The company grew to iconic status after opening a store on L.A.’s Sunset Strip.
Nostalgic yet informative, the documentary All Things Must Pass by actor-turned-director Colin Hanks presents a lively history of the rise and fall of Tower Records. At once a celebratory history and cautionary tale, the film is steeped in the cultural legacy of our recent past. Record stores rode the crest of the baby boomers’ love affair with music and the explosion of vinyl, only to find their business plans and brick-and-mortar footprints challenged by the digital revolution in music delivery.
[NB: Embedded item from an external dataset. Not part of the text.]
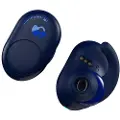 Skullcandy Push - True wireless-hodetelefoner med mikrofon - i øret - Bluetooth - blå, indigo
Hanks is fortunate to have at the heart of his documentary the irrepressible Russ Solomon, founder of Tower Records. The octogenarian’s recollections are supplemented with those of key employees and a wealth of well-chosen archival photos. At the heart of the story is the ethos that guided Solomon and his devoted staff as Tower Records grew from a single store in Sacramento, Calif., to a worldwide enterprise. Music devotees were turned into knowledgeable employees, while the business’ growth was underwritten by the young consumers of the 1960s and ’70s for whom music had become personal and meaningful. The stores served as much as social hub as retail outlet. “No music, no life” was the chain’s motto.
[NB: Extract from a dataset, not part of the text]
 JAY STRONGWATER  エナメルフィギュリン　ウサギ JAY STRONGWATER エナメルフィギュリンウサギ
The company’s rise and fall is part and parcel of its era. Once the Sacramento outlet expanded to open a store on L.A.’s Sunset Strip, within spitting distance of all the record companies’ headquarters, Tower Records grew to iconic status. Elton John, in one of the crucial non-employee interviews (David Geffen, Bruce Springsteen and Dave Grohl are some of the others), would ritualistically come in every Tuesday morning and walk all the aisles with a list of planned purchases, while his limo driver followed with a container to hold them all. The fantastic heyday of the store and its rapid expansion throughout the U.S. and into Japan (where the company still thrives) is a giddy ride made only more wistful by the death throes of the chain’s excruciating final years and ultimate dissolution in 2006.
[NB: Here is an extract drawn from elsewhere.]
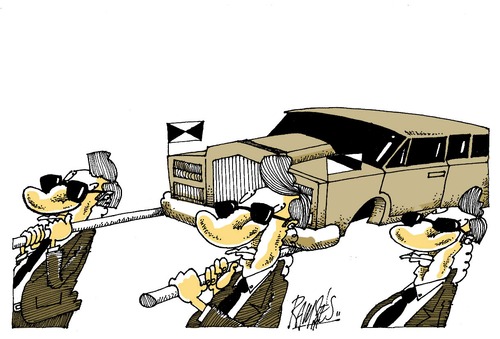 Cartoon: Chariot (medium) by Ramses tagged crisis,oil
Solomon’s skills as a raconteur, the employees’ unabashed love for their work and the constant stream of rock music playing in the background advance the film into something much more than a talking-heads documentary. Occasionally repetitive, the film is nevertheless full of little moments like Springsteen’s poetic description of the stores as the place where “your dreams met the listener” or a shot of the budgetary line entry for “handtruck fuel” (code name for cocaine). All Things Must Pass is a rock doc keeper.